### WHAT YOU ARE ASKED TO DO
Which lines below fall between the one containing "Old English Harrogate" and the one containing "Decorelia Linen Textured"? Repeat them exactly, counting both of those lines, and add nothing else.

### PROVIDED MATERIAL
____________________

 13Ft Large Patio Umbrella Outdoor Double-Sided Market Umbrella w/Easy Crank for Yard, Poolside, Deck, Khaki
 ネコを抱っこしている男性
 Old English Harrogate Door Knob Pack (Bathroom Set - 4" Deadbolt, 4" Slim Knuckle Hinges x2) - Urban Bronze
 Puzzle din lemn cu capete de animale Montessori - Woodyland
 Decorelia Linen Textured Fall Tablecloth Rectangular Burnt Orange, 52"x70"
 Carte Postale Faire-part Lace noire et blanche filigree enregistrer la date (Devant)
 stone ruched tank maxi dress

____________________

### RESULT
 Old English Harrogate Door Knob Pack (Bathroom Set - 4" Deadbolt, 4" Slim Knuckle Hinges x2) - Urban Bronze
 Puzzle din lemn cu capete de animale Montessori - Woodyland
 Decorelia Linen Textured Fall Tablecloth Rectangular Burnt Orange, 52"x70"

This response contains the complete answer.